You'll be lucky to earn 0.25% APR on a three month CD now, @Kevin Fletcher -- hardly worth it for the few months you state. With interest rates this low, you might just put your money in an FDIC insured account at a large bank, as Glenn suggested. If you know you need it for an upcoming deal, then don't risk that deal for a higher short-term return.

If you don't have anything imminent, you might consider buying a rehab note from a local HML. Many sell their notes, where they keep the points and you keep the interest. This could be for 6 to 8 months but, since stuff happens with flips, there is no guarantee, so you can't rely on getting paid back by a certain date.

First position notes to experienced rehabbers are generally safe, so long as you do your homework. Depending upon the local rates, you could make 10 or 12% APR or more on your money. Notes are fungible and can be assigned over an over, so you're not necessarily locked in. That is, a motivated property seller might accept your note as partial payment.

No matter what, don't get greedy for what could be a minimal return in dollar terms. Maybe you'll decide to lend instead of continuing to landlord :-)

Jeff

@Stephen Lofthus

I just watched that episode too! A friend's friend was the woman named Bonnie who lost her life savings.

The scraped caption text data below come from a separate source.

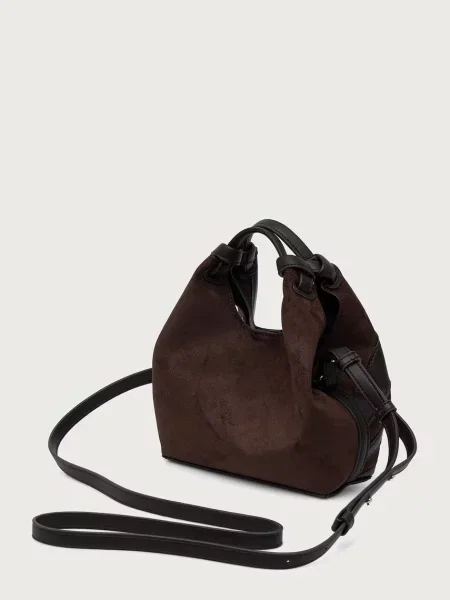 DKNY torebka brązowa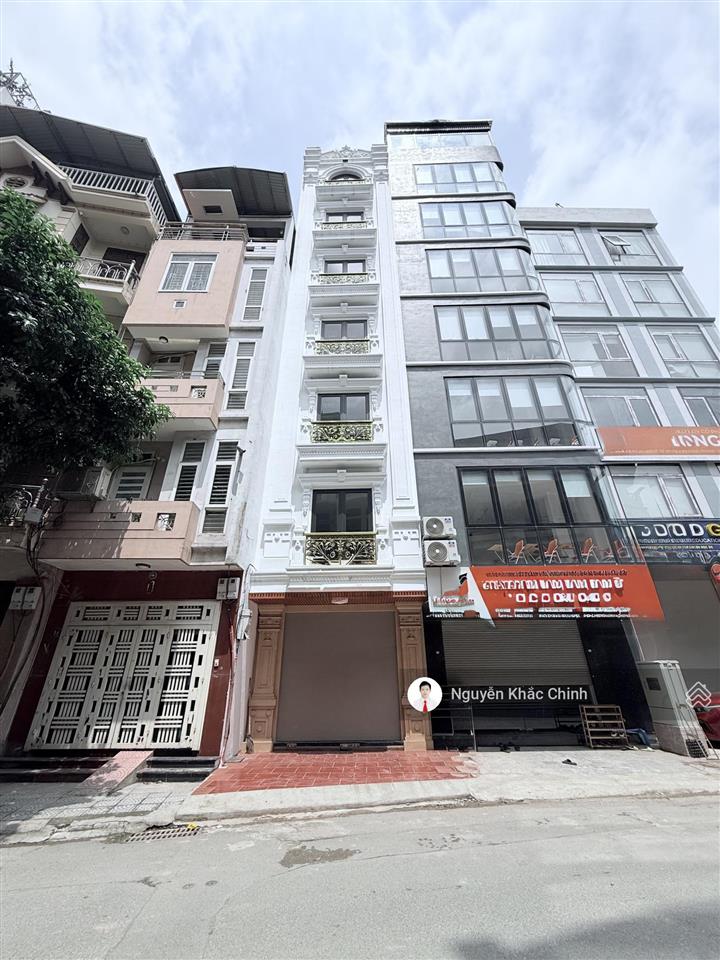 Cho thuê mp phạm thận duật, 55m/60m2, 8 tầng, thông sàn, nhà mới, pccc, 55 triệu/tháng
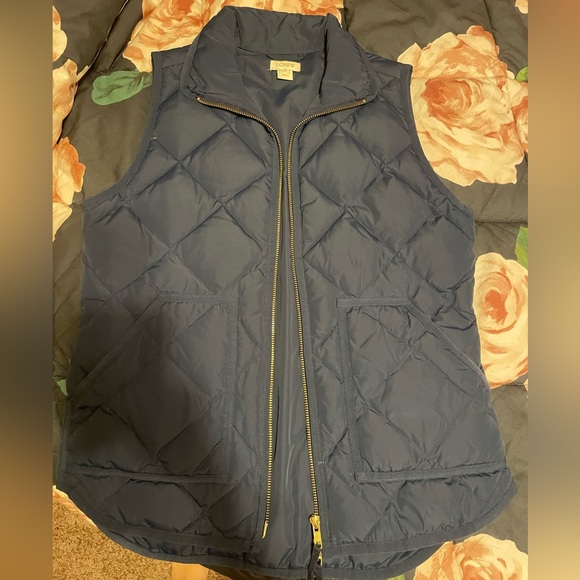 J crew navy blue vest - Picture 3 of 11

@Stephen Lofthus and @Aly L Im gonna check out that American Greed for sure, that show is crazy. Yeah, that's why I asked, I get nervous just having big amounts of money in the bank. I feel like my visibility is high.

@Dipo Aromire and @David Krulac I Bought the multi-unit in 2008 and since it has dropped in value and came back to around where I bought it for. I may not be worth the trouble for the small gain I made on the property to this point. I'm just trying to free up some capital so I can work a few other deals I'm hoping to get later this summer. So i will definitely use the 1031 exc. in the future.

@Edward Burns Yeah, I need to learn a lot more about stocks before i head that route. With real estate for me the risks are measured, with stock and my lack of comfort with the market I feel like I'm just gambling. At this point id rather not make a dime then lose money on stocks, but i know thats not sustainable. I need to learn more and make smart decisions, cause with inflation, not making money on your money is losing money

@Kevin Fletcher

You misunderstood my post. I was not recommending that invest in the stock market, but rather that you allow a large brokerage firm to "bank" the funds for you. Brokerage firms take most of the money from their clients accounts (not that in stocks but the remainder) combine them and deposit them until used in a high interest savings account. By combining your funds with others they can and do demand a higher interest rate (of course they take a cut) then an individual can usually get. Plus some offer monetary incentives for opening an account (but you have to read the agreement carefully). One I'm currently in offered $150 if you opened an account and put at least $25/month into the account for 6 months and no minimum for opening the account. I opened the account with $250, put $50/month into it and will have $700+a little interest in 3 more months. In this case a rate of return of $150/$550 or 27% in 6 months on a government insured account.